▶ [What to produce]:
The listing below contains a span that opens with the line containing "Bar graph with" and closes with the line containing "Man Signet Ring". Return that span exactly.

── Data under study ──

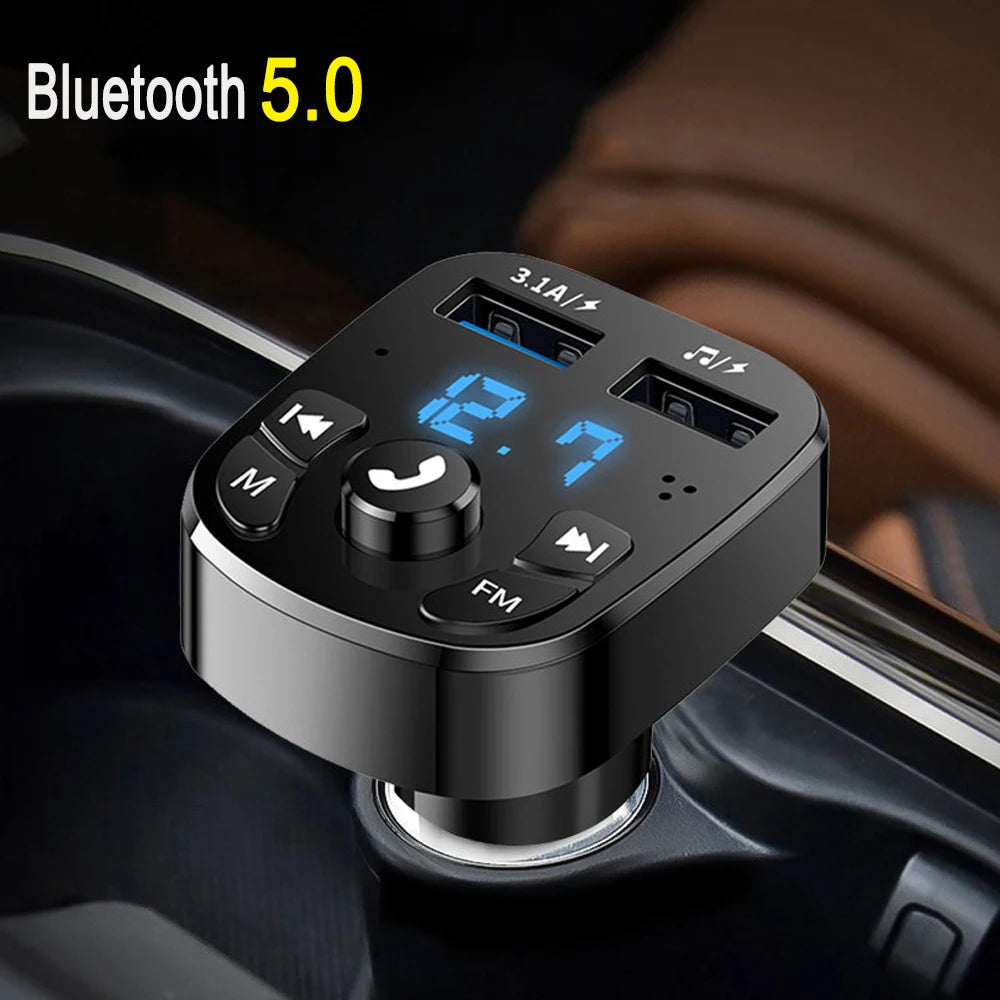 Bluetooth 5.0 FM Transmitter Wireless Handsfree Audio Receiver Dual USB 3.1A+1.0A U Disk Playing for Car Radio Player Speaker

───
── Data under study ──

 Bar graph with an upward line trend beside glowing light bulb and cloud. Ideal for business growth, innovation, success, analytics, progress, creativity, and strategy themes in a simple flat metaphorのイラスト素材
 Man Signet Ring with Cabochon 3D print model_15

───

▶ [Solved problem]:
 Bar graph with an upward line trend beside glowing light bulb and cloud. Ideal for business growth, innovation, success, analytics, progress, creativity, and strategy themes in a simple flat metaphorのイラスト素材
 Man Signet Ring with Cabochon 3D print model_15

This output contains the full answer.